**What to produce:**
In the material below, the required lines run from the one containing "A brightly lit room with colourful furniture" through the one containing "Kitchen with freestanding". Copy those lines exactly, ends included, and nothing else.
-------- Records provided --------
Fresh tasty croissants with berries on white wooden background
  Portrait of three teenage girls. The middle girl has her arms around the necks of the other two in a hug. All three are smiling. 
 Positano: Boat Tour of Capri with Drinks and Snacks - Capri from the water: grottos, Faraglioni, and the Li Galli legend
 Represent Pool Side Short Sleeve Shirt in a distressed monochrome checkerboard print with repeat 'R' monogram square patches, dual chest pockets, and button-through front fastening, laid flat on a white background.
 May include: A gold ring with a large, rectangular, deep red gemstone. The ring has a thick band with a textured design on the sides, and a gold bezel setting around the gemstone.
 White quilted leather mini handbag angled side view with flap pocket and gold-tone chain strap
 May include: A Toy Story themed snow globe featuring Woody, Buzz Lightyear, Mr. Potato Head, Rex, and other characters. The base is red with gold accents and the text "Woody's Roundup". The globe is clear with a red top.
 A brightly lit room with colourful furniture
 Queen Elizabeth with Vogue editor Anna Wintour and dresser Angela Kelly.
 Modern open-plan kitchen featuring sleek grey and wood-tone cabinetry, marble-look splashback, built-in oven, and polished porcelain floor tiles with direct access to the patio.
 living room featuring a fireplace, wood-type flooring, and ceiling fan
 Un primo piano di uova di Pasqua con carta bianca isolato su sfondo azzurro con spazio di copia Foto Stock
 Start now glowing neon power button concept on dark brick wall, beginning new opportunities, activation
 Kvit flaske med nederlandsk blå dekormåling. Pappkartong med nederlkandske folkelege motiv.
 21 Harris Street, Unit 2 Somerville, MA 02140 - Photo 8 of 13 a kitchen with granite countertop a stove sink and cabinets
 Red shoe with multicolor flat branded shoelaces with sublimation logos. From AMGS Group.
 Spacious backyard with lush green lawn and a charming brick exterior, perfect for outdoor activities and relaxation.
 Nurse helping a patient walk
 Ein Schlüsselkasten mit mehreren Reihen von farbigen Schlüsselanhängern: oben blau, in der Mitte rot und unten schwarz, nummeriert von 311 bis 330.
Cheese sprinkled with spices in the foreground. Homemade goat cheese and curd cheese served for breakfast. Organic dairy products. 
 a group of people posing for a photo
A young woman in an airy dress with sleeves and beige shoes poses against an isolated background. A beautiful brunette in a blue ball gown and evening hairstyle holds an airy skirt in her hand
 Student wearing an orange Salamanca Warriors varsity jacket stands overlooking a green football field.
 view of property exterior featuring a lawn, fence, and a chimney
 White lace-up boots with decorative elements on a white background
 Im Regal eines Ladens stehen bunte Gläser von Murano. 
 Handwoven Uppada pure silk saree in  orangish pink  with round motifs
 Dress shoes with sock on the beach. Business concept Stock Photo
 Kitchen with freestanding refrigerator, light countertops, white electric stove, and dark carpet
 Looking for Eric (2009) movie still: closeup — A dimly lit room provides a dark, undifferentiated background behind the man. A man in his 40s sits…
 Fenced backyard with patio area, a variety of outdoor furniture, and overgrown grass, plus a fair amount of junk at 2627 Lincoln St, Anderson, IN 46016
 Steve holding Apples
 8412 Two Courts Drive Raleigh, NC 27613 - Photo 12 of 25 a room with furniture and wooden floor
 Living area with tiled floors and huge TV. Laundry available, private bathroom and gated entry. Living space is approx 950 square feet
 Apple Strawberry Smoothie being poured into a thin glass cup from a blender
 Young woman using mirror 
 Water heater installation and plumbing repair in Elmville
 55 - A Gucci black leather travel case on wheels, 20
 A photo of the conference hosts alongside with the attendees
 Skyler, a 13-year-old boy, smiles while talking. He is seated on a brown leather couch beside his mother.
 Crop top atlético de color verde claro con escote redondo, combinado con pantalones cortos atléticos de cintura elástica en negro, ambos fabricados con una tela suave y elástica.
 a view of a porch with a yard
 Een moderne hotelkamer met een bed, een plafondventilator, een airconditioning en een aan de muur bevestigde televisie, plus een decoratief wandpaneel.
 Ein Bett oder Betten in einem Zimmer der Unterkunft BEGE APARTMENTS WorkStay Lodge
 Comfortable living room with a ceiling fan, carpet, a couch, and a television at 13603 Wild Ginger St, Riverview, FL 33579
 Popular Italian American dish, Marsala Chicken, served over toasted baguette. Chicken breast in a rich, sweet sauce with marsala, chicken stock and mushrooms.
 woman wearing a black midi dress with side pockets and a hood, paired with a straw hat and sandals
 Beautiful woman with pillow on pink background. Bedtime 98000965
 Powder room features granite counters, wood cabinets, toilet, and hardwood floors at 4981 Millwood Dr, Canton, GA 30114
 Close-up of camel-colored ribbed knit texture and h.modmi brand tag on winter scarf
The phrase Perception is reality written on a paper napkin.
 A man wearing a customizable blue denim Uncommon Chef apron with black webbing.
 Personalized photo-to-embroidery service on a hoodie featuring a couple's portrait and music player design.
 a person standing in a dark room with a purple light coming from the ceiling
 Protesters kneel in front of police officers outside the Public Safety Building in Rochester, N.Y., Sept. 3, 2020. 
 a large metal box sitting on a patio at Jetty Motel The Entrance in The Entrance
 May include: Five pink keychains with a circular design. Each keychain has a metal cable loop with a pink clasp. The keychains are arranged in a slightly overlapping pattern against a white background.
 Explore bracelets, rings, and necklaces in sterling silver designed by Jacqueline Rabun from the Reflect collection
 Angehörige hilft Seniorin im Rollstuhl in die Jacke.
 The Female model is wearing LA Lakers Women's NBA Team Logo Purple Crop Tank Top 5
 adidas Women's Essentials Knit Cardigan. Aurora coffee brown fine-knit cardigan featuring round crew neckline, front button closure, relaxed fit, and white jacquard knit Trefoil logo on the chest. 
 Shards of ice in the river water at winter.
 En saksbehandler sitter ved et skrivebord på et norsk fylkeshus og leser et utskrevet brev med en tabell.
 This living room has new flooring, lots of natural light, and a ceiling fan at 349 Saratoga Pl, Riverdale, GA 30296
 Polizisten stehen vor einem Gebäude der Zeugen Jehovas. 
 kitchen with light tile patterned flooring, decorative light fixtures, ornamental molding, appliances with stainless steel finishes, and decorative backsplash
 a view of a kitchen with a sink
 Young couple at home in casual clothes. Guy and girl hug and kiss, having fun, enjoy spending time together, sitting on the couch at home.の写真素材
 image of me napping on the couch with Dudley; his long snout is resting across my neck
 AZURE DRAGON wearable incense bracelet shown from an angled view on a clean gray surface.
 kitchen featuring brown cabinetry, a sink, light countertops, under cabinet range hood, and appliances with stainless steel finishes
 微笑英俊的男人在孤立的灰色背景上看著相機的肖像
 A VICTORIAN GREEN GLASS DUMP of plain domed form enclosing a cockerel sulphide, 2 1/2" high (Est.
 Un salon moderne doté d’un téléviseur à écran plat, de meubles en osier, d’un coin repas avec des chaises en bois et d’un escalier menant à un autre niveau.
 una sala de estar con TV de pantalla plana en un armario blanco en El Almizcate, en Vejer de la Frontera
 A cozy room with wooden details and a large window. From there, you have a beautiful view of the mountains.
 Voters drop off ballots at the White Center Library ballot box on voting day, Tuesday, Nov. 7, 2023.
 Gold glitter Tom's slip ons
--------
**Your response:**
 A brightly lit room with colourful furniture
 Queen Elizabeth with Vogue editor Anna Wintour and dresser Angela Kelly.
 Modern open-plan kitchen featuring sleek grey and wood-tone cabinetry, marble-look splashback, built-in oven, and polished porcelain floor tiles with direct access to the patio.
 living room featuring a fireplace, wood-type flooring, and ceiling fan
 Un primo piano di uova di Pasqua con carta bianca isolato su sfondo azzurro con spazio di copia Foto Stock
 Start now glowing neon power button concept on dark brick wall, beginning new opportunities, activation
 Kvit flaske med nederlandsk blå dekormåling. Pappkartong med nederlkandske folkelege motiv.
 21 Harris Street, Unit 2 Somerville, MA 02140 - Photo 8 of 13 a kitchen with granite countertop a stove sink and cabinets
 Red shoe with multicolor flat branded shoelaces with sublimation logos. From AMGS Group.
 Spacious backyard with lush green lawn and a charming brick exterior, perfect for outdoor activities and relaxation.
 Nurse helping a patient walk
 Ein Schlüsselkasten mit mehreren Reihen von farbigen Schlüsselanhängern: oben blau, in der Mitte rot und unten schwarz, nummeriert von 311 bis 330.
Cheese sprinkled with spices in the foreground. Homemade goat cheese and curd cheese served for breakfast. Organic dairy products. 
 a group of people posing for a photo
A young woman in an airy dress with sleeves and beige shoes poses against an isolated background. A beautiful brunette in a blue ball gown and evening hairstyle holds an airy skirt in her hand
 Student wearing an orange Salamanca Warriors varsity jacket stands overlooking a green football field.
 view of property exterior featuring a lawn, fence, and a chimney
 White lace-up boots with decorative elements on a white background
 Im Regal eines Ladens stehen bunte Gläser von Murano. 
 Handwoven Uppada pure silk saree in  orangish pink  with round motifs
 Dress shoes with sock on the beach. Business concept Stock Photo
 Kitchen with freestanding refrigerator, light countertops, white electric stove, and dark carpet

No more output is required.